Cambrian House is a new software company getting a little buzz these days for its paid open-source community built on the idea of "crowdsourcing.'' The company is turning to outsiders (the "crowd'') for ideas. They submit the ideas, rank each other's ideas and help build them. Cambrian markets and sells the ideas, and contributors get royalties based on their level contributions.

There are lots of questions, not the least of which is whether the royalties could ever amount to anything meaningful or worthwhile for contributors. So far, ideas range from self-destrucuting credit cards to Citysearch-like portals.

Meanwhile, Mozilla is making available a developer release of Firefox 2 today. It's for testing purposes. "Current users of Mozilla Firefox 1.x should not use Firefox 2 Beta 1,'' the company says.

New features include built-in phishing protection and better support for viewing RSS feeds. Also, Firefox will now resume your browsing session if your computer loses power or Firefox crashes.

From our pespective, this release can't come soon enough.
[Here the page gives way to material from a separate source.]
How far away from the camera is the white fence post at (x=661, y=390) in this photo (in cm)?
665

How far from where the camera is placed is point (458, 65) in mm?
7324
As much as we like Firefox (on both the Mac and PC), it's been annoyingly crash-prone. Word is that the new version is more reliable.

Finally, Mashup Camp is underway at the Computer History Museum in Mountain View. It's an unconference, meaning the attendees themselves will define the agenda. We can't make it, so if anyone wants to report in on what's happening in the comments, we're all ears.